One problem we have occasionally is that a staff member will suddenly lose their wireless connection to our wireless subnet. We can usually get them connected by putting a static ip into their device, but dhcp won't give them a lease even after releasing/renewing the lease on their device. When we get to this part, we usually call Todd, give him the MAC address of the device, he remotes in, and within 10 minutes he has dhcp working again with the device. My boss wasn't much of a Unix guy and didn't mind calling Todd to do this, but I'd like to know what Todd is doing so I don't have to be the one to call him all the time since he's kind of snarky. 

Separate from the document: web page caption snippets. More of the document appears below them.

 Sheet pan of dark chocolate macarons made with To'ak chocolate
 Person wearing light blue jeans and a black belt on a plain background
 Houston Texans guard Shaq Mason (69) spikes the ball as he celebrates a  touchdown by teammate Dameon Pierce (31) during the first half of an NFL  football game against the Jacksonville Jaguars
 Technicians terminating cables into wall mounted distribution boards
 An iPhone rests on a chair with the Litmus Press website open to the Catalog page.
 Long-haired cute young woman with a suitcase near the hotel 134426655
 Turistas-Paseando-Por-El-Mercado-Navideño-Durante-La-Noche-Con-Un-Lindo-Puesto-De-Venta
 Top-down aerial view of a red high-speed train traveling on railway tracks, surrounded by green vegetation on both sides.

So with just the MAC address, he does something to I assume the firewall/dhcp server machine. I don't know what it's running, but I imagine it's dhcpd. Any idea how he's doing this or are there too many possibilities given the limited information I have? I'm only just learning Unix, so it might be an easy fix, but I don't know. Thank you.


----------



## SirDice (Aug 31, 2011)

jeffbsd said:
			
		

> but we have a FreeBSD (might be OpenBSD, but I hope that won't matter for what I'm going to ask)


It most definitely matters.

`$ uname -a` will show you what you got.


----------



## jeffbsd (Sep 1, 2011)

Didn't get the chance to log on to do uname, but I found out it's definitely OpenBSD after all. I assume I'll need to know the version number as well, but should I go find an OpenBSD forum to post in instead?


----------



## wblock@ (Sep 1, 2011)

Call me crazy, but my first impulse would be to ask the guy how he fixes it.


----------



## jeffbsd (Sep 1, 2011)

wblock said:
			
		

> Call me crazy, but my first impulse would be to ask the guy how he fixes it.



That would seem to make the most sense, but this guy isn't very open with his "secrets." Asking him before has only gotten cryptic, unhelpful responses.


----------



## DutchDaemon (Sep 1, 2011)

You might want to try the OpenBSD section of our good friends at DaemonForums.


----------



## jeffbsd (Sep 1, 2011)

Will do. Thank you!


----------